Exercise objective:
Starting at the line with "Double sinks, Shower & Tub", return every line through the final one of the data, word for word. Pictures stay out.

Data section:
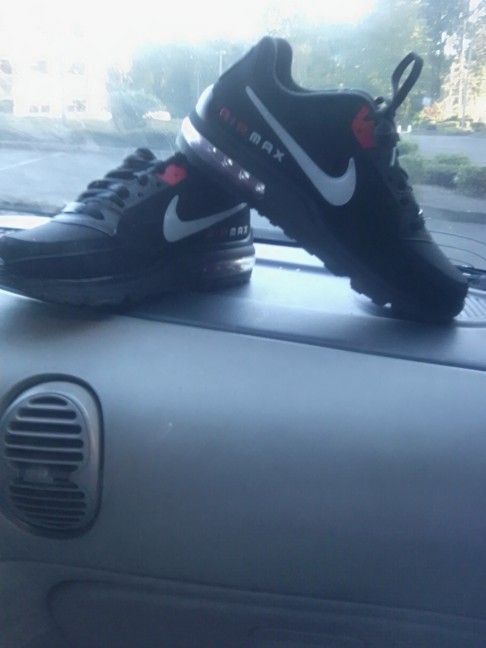 Nike Air Max 90's Limited's Size 10 Mens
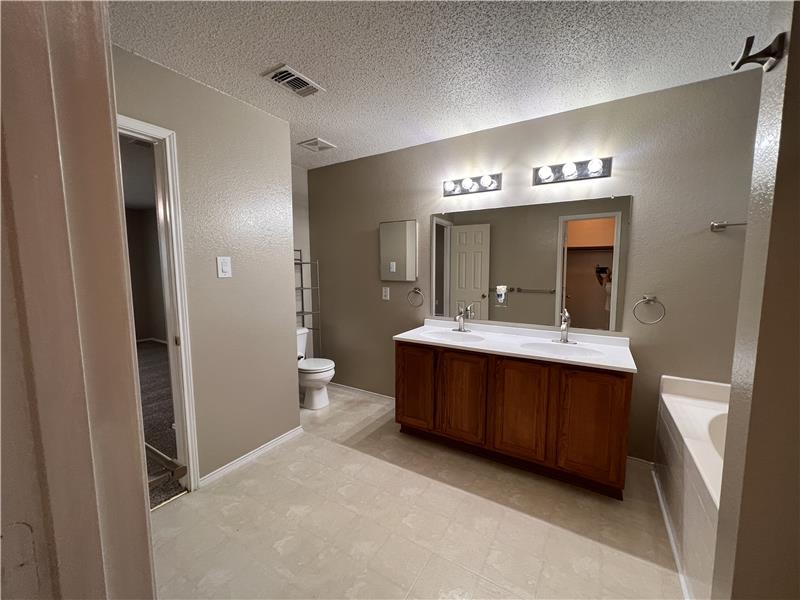 Double sinks, Shower & Tub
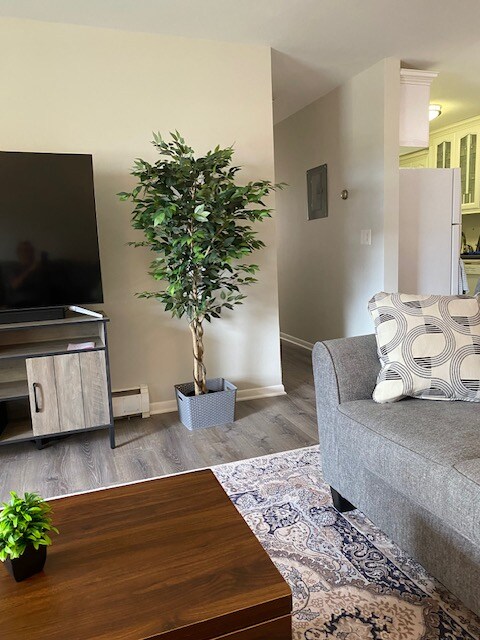 Building Photo - 7000 Sandell Ave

Expected output:
 Double sinks, Shower & Tub
 Building Photo - 7000 Sandell Ave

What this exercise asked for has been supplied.